• **Listed entries**:
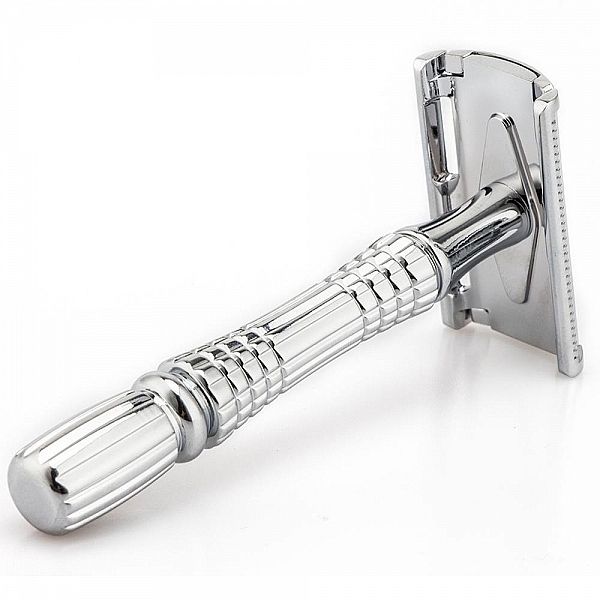 Shaving Razor, silver + case - Deni Carte — photo N4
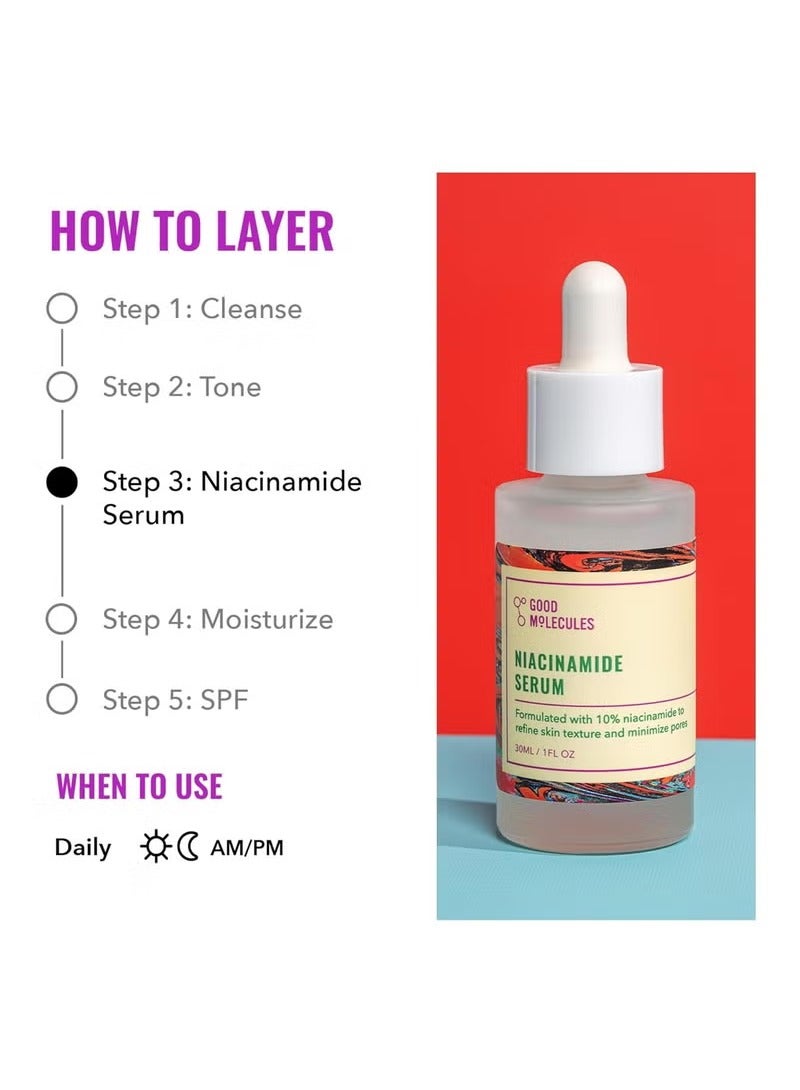 Good Molecules Niacinamide Serum - 10% Niacinamide Balancing B3 Facial Serum for Acne, Tone, Texture - Brightening and Hydrating Skincare for Face - Image 5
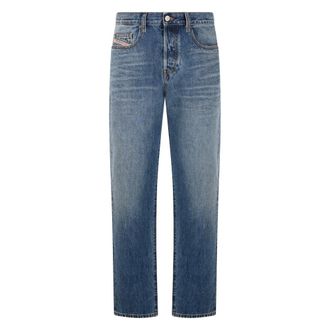 Diesel Straight Jeans, male, Blue, Size: W31 D-Viker Jeans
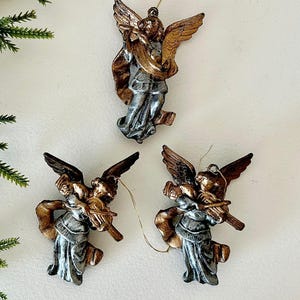 Angel Ornament Set Vintage Religious Christmas Tree Decor Xmas Tree Hanging, Holiday Home Decor,  Collectable Festive Ornament Set  Gift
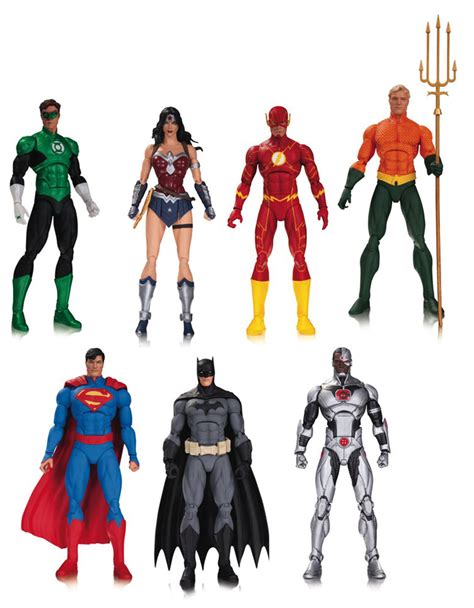 Justice League Of America Action Figures By Dc Collectibles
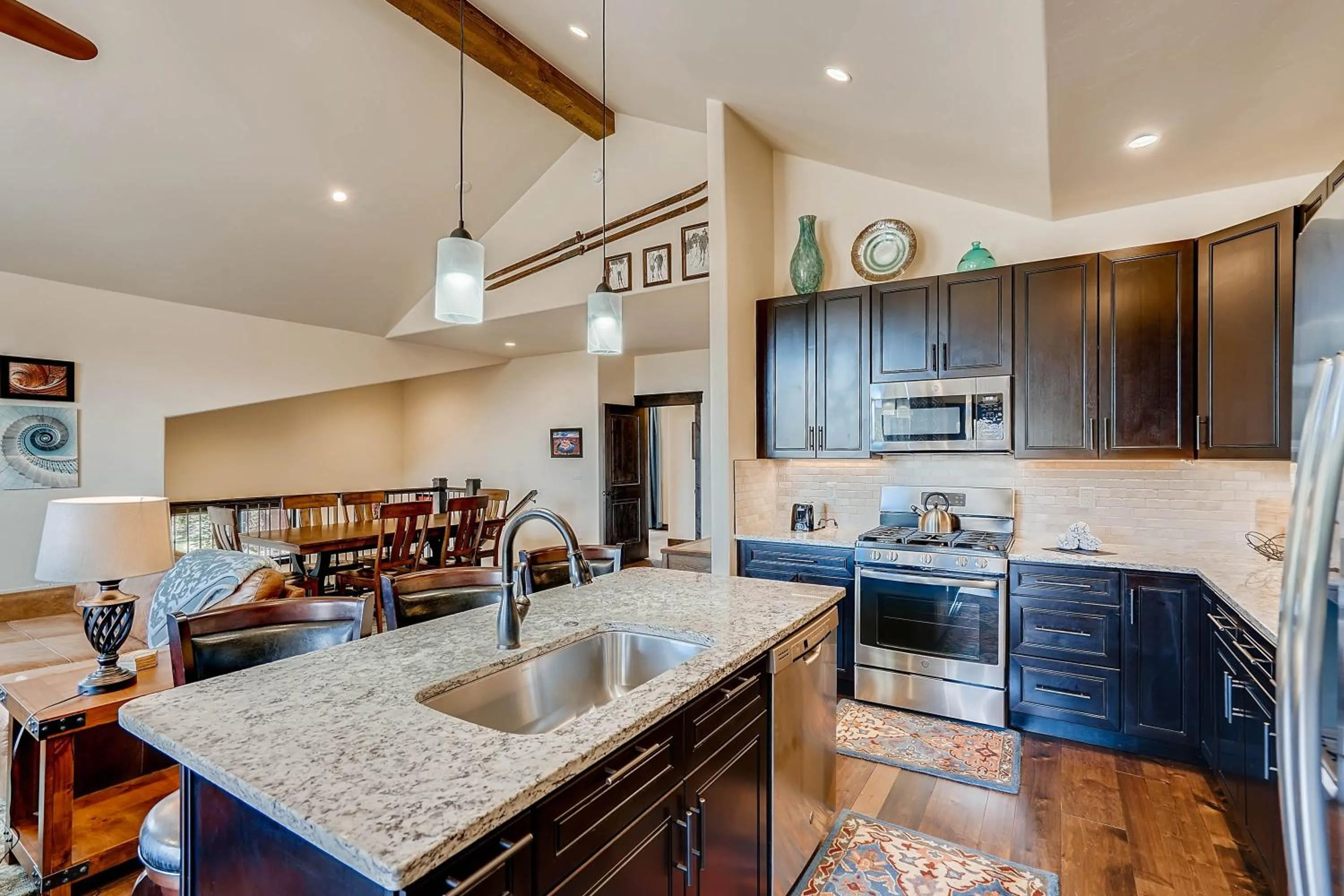 Living room in Keystone Private Homes by Vail Resorts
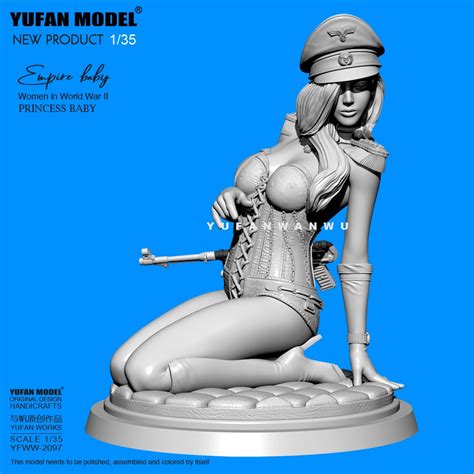 135 Yufan Resin Model Kits Figure Beauty Colorless And Self Assembled Yfww 2097model Building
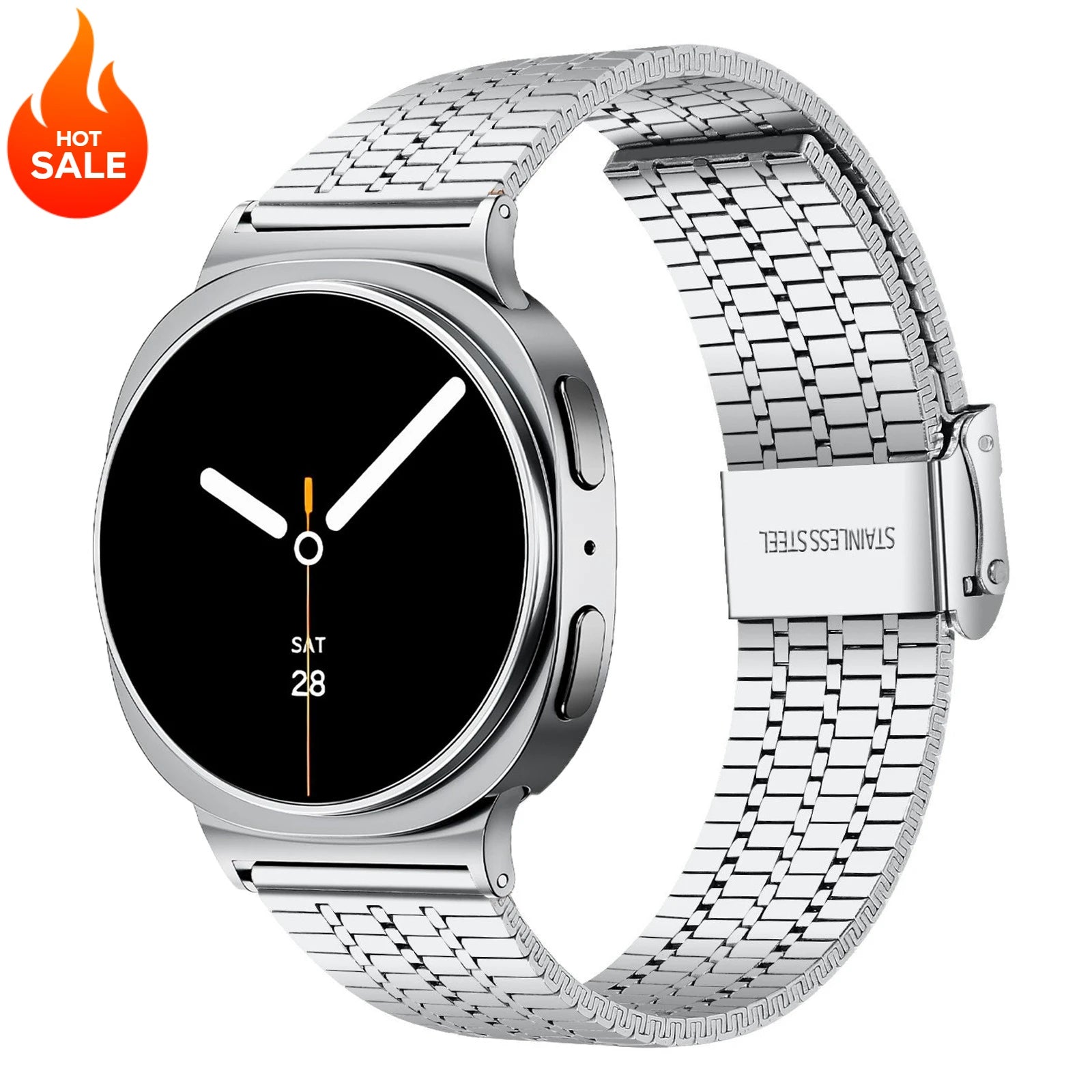 Steel Band For Samsung Galaxy Watch 8 Classic 46MM, Galaxy Watch 8, 40MM, 44MM, Ultra 47MM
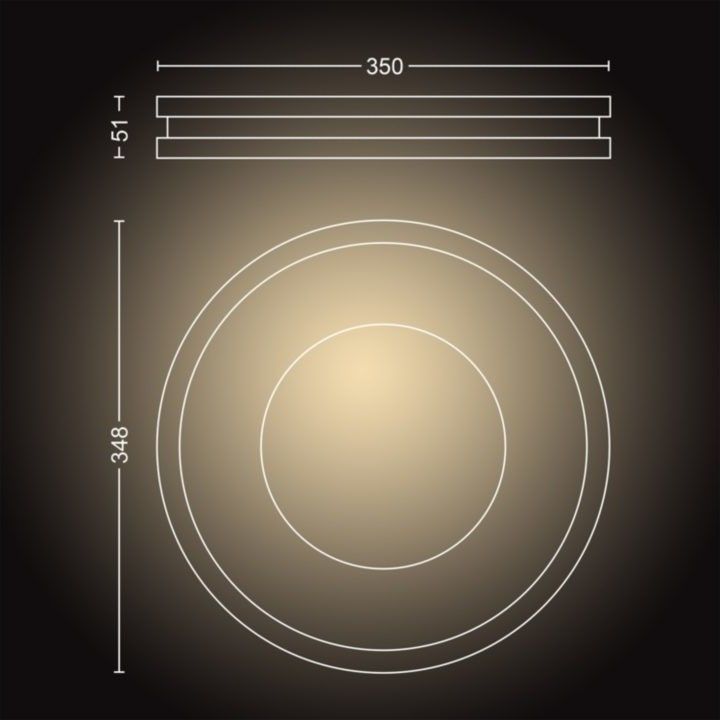 Being Hue ceiling lamp black 1x27W 24V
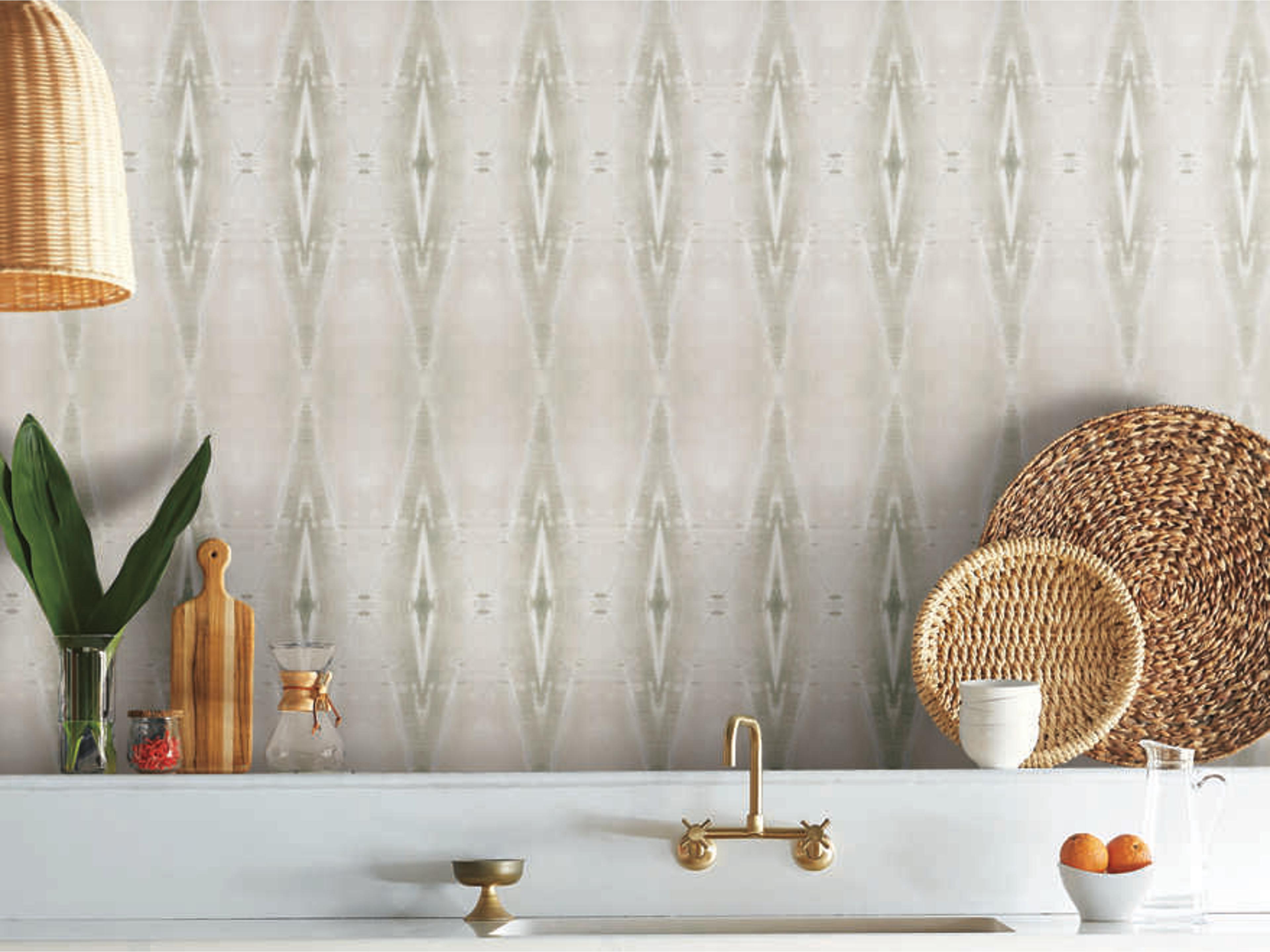 York Wallcoverings Artisan Digest Off White Origin Wallpaper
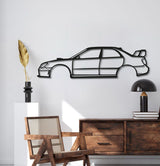 2006 WRX STI Hawkeye Metal Car Wall Art - MT0338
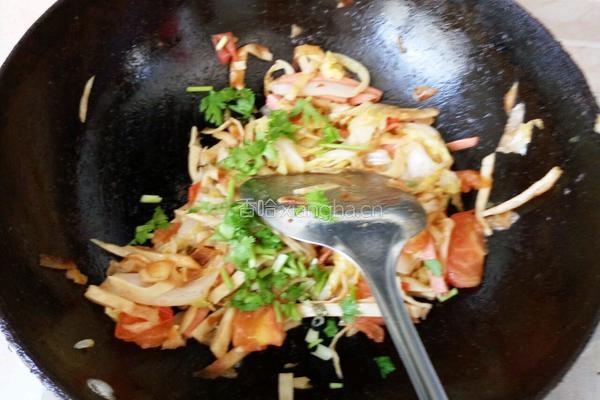 炒饼的做法图解6
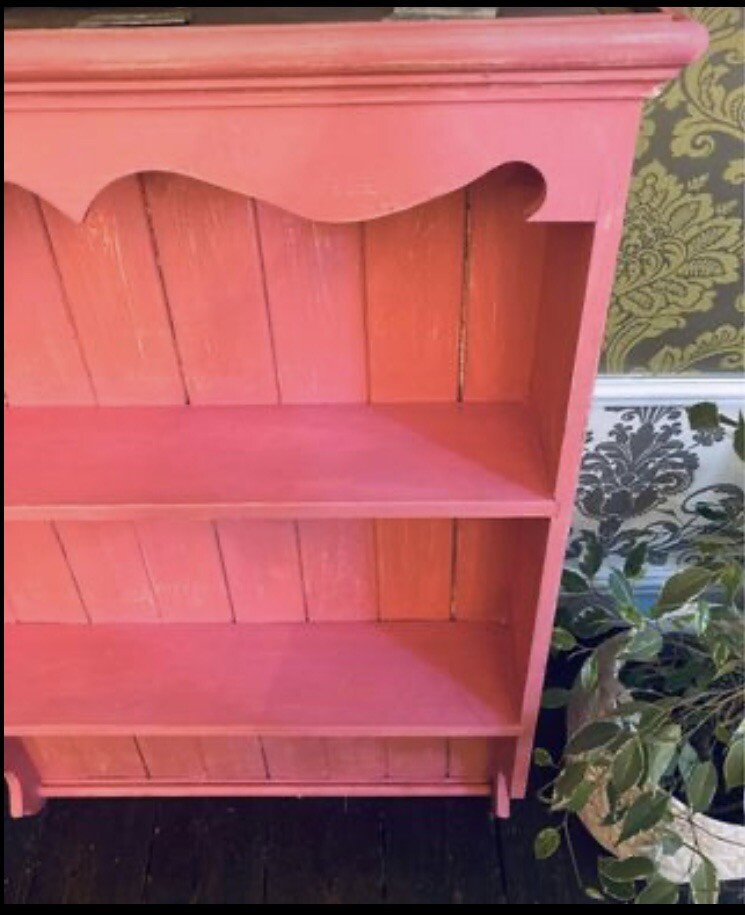 Vintage, Beautiful Kitchen/Dining Shelving Unit Timber Shelf eBay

• **Task brief**:
Without any pictures, output exactly the lines from the start of the material through the line that contains "Steel Band For", and only those.

• **Finished exercise**:
 Shaving Razor, silver + case - Deni Carte — photo N4
 Good Molecules Niacinamide Serum - 10% Niacinamide Balancing B3 Facial Serum for Acne, Tone, Texture - Brightening and Hydrating Skincare for Face - Image 5
 Diesel Straight Jeans, male, Blue, Size: W31 D-Viker Jeans
 Angel Ornament Set Vintage Religious Christmas Tree Decor Xmas Tree Hanging, Holiday Home Decor,  Collectable Festive Ornament Set  Gift
 Justice League Of America Action Figures By Dc Collectibles
 Living room in Keystone Private Homes by Vail Resorts
 135 Yufan Resin Model Kits Figure Beauty Colorless And Self Assembled Yfww 2097model Building
 Steel Band For Samsung Galaxy Watch 8 Classic 46MM, Galaxy Watch 8, 40MM, 44MM, Ultra 47MM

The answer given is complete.